過去に経験した最もよく似た事例の連想・想起により、人間は迅速かつ柔軟にものごとの認識・判断を行っているという「連想原理」に基づき、我々はこれまで脳の機能を模擬した知能VLSIシステムの開発を行ってきた。本研究の主眼は、これまでの静止画像の認識に加え、さらに動画像の意味を理解できるシステム構築の基礎技術確立である。“What is it?"をさらに一歩進め、“What is it doing?"の認識を可能にするシステム高機能化の研究である。動きの理解には、先ず動画像から動きの情報を抽出し、それを特徴ベクトル表現に変換することが必須である。
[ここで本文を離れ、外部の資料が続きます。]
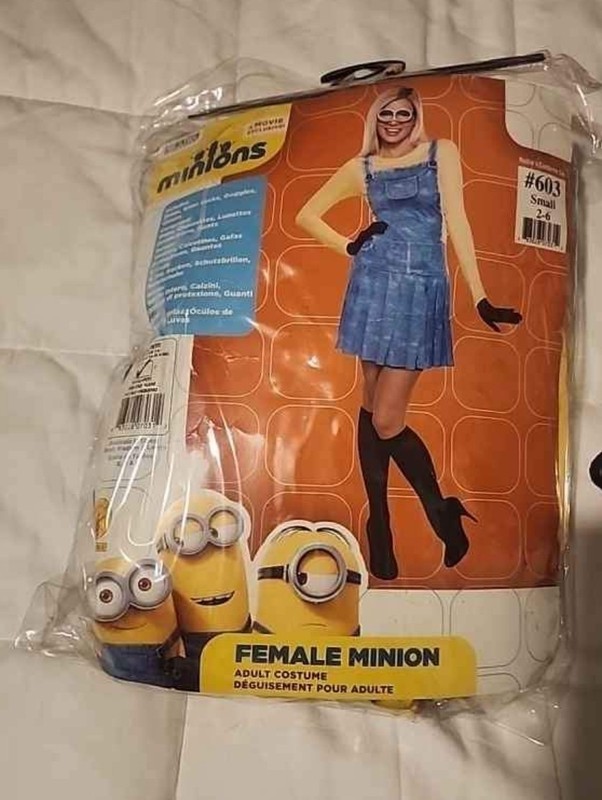 Minions Adult Female Minion Costume Set, Small, Complete Outfit, Halloween, 603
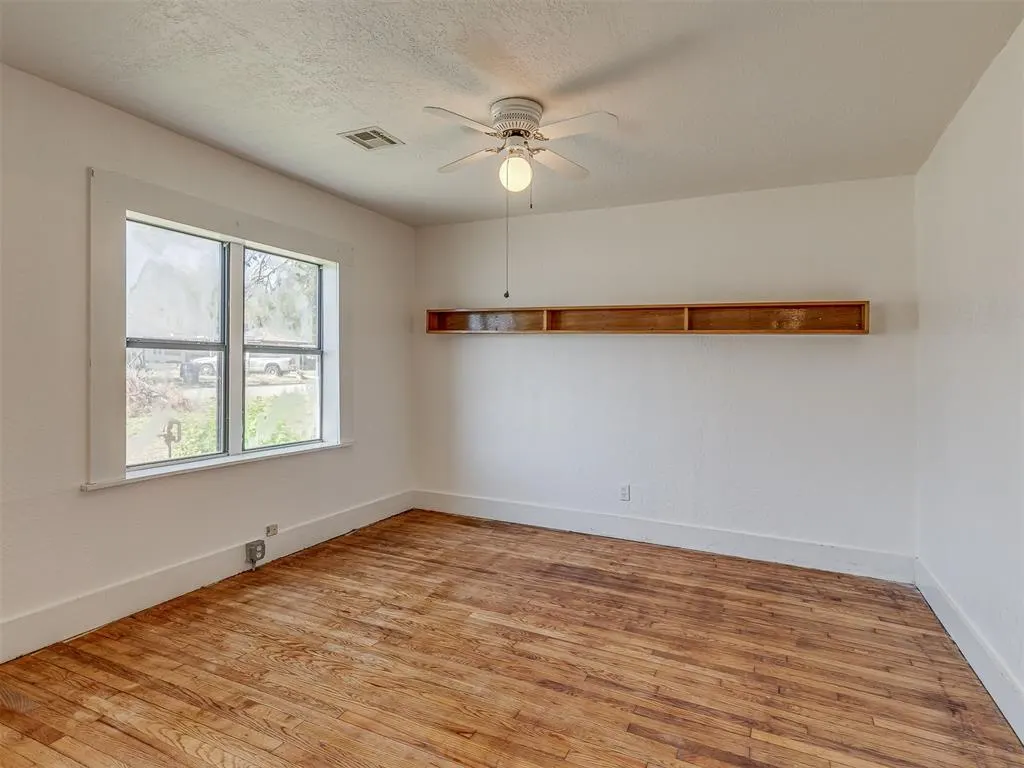 Photo 11 — 1827 S 20th Street, Chickasha, OK 73018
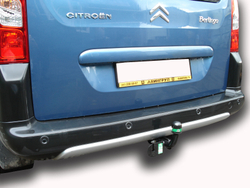 Фаркоп(прицепное) Лидер-Плюс для CITROEN BERLINGO L1, PEUGEOT PARTNER L1,TEPPE 2008- (паспорт и сертификат в комплекте)(без электрики)C302-A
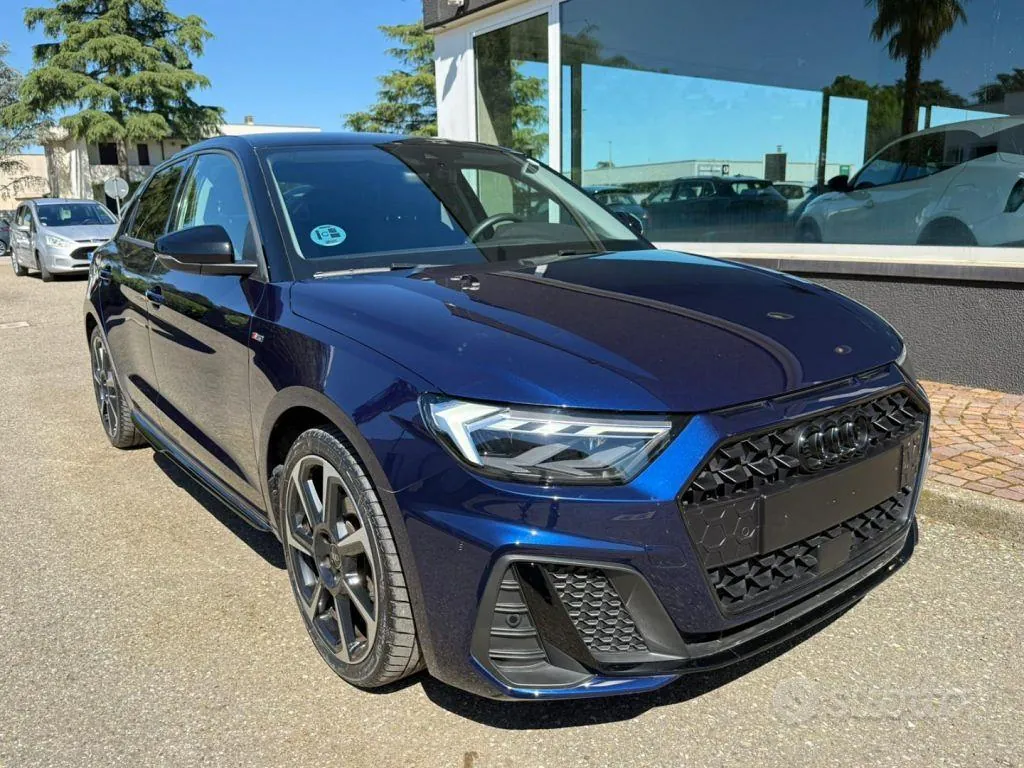 Audi A1 2025 photo 3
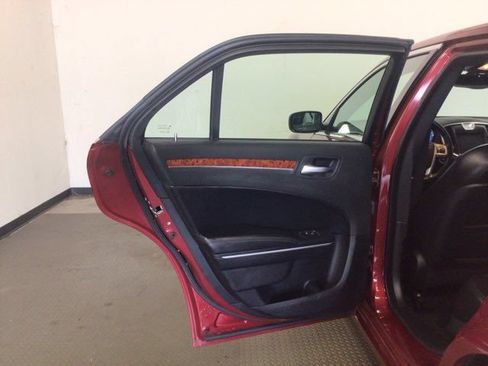 Used 2014 Chrysler 300 AWD w/ Driver Convenience Group image 20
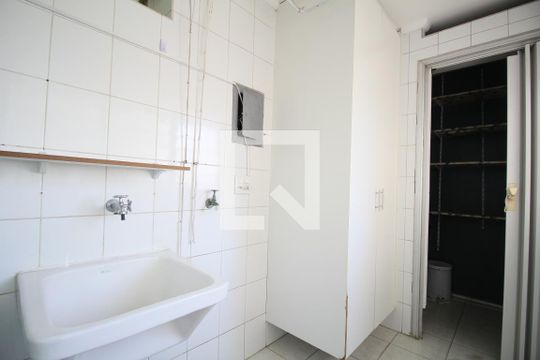 Área de Serviço de apartamento à venda com 3 quartos, 80m² em Jardim Londrina, São Paulo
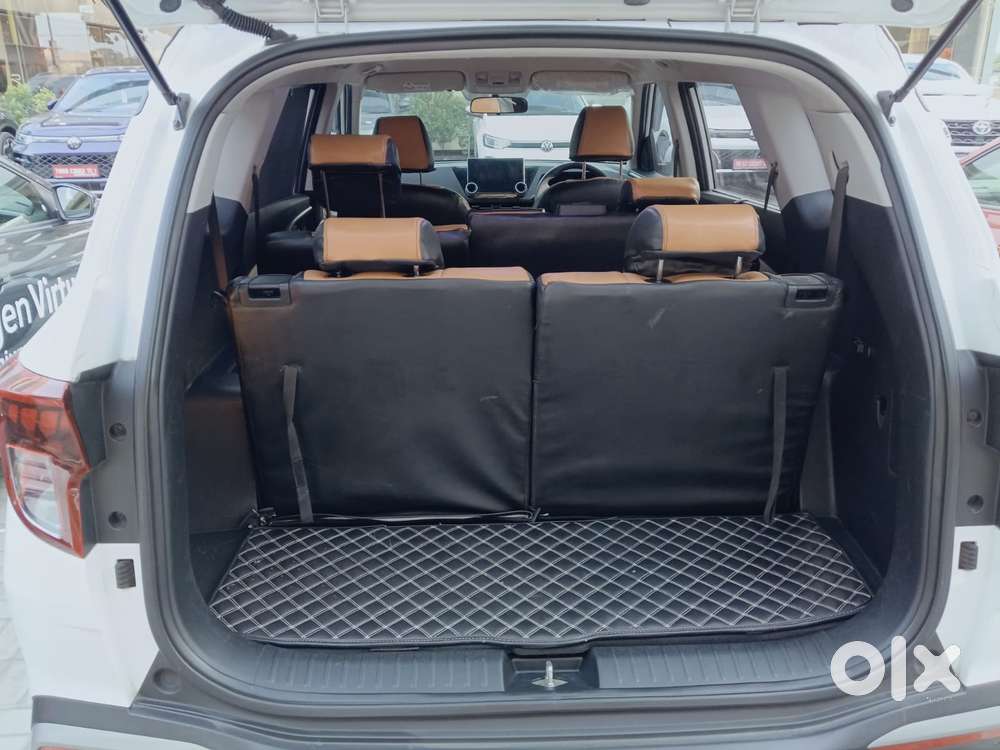 Kia Carens 1.5 Prestige Plus 7 Str Imt, 2024, Petrol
そのため、実時間の動き場生成VLSIプロセッサを新たな回路方式で実現した。アナログVLSIでは、時間領域演算に基づく新たなハードウェアアルゴリズムを導入し、500fpsでのnormal optical flow生成可能なCMOSイメージセンサを開発した。またデジタルVLSIでは、方向性エッジ情報を用いたブロックマッチング法を新規開発し、これにより超高速の高精度動きフィールド生成に成功した。このチップは、2.8GHzCPUを用いたソフトウェア処理と比較して、たった100分の1の遅い周波数動作で1000倍以上高速の高密度動きフィールド生成を実現した。また各瞬間の動きフィールドをコンパクトに表現する動き成分空間分布ヒストグラム(PPMD)ベクトル、さらにPPMDベクトルを時間的・空間的に積分してあるアクション全体を表現するMotion History Vector等のアルゴリズムを開発、前者は隠れマルコフモデルを用いて認識を行い、後者は従来の連想マッチングで認識を行う。これらのアルゴリズムにより、エゴモーションの認識、簡単なジェスチャーの認識、さらに動き物体の追跡がロバストに行えることを実証した。